Each number from 1 to n is grouped according to the sum of its digits.
Return the number of groups that have the largest size.
Example 1:
Input: n = 13
Output: 4
Explanation: There are 9 groups in total, they are grouped according sum of its digits of numbers from 1 to 13:
[1,10], [2,11], [3,12], [4,13], [5], [6], [7], [8], [9].

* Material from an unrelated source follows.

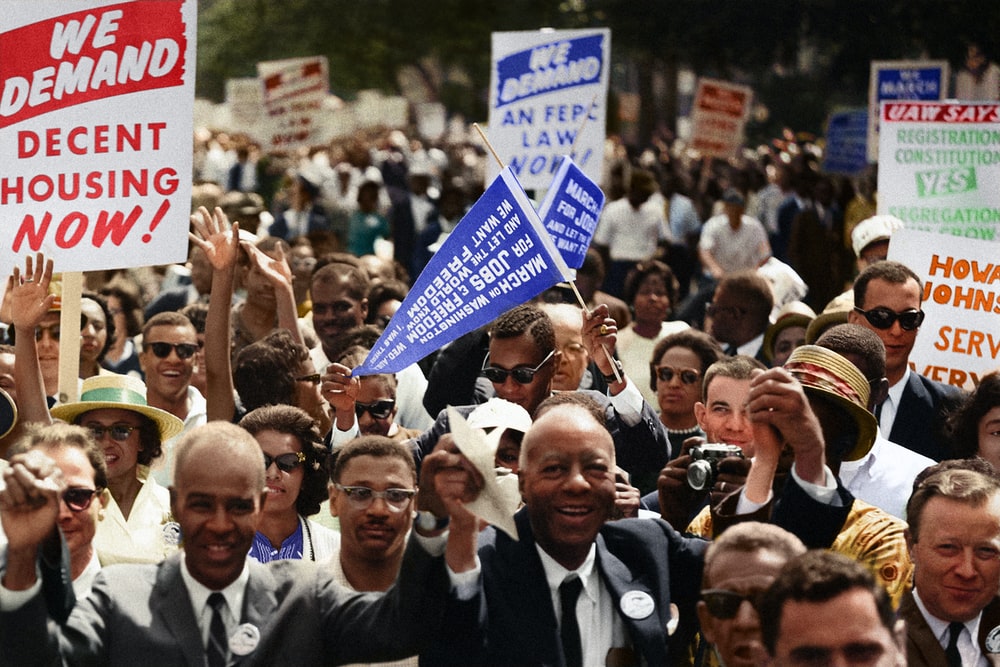 An historic image from the 1960's of a Civil Rights march, with participants hodling signs in support of decent housing.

There are 4 groups with largest size.
Example 2:
Input: n = 2
Output: 2
Explanation: There are 2 groups [1], [2] of size 1.
Constraints:
1 <= n <= 10^4
Solution (Java)
class Solution {
public int countLargestGroup(int n) {
int largest = 0;
int[] map = new int[37];
int sumOfDigit = 0;
for (int i = 1; i <= n; i++) {
if (i % 10 == 0) {
// reset and start a new sum
sumOfDigit = getSumOfDigits(i);
} else {
sumOfDigit++;
}
int val = ++map[sumOfDigit];
largest = val > largest ? val : largest;
}
return countLargestGroup(largest, map);
}
private int countLargestGroup(int largest, int[] arr) {
int count = 0;
for (int val : arr) {
if (val == largest) {
count++;
}
}
return count;
}
private int getSumOfDigits(int num) {
int sum = 0;
while (num > 0) {
sum += num % 10;
num /= 10;
}
return sum;
}
}
Explain:
nope.
Complexity:
- Time complexity : O(n).
- Space complexity : O(n).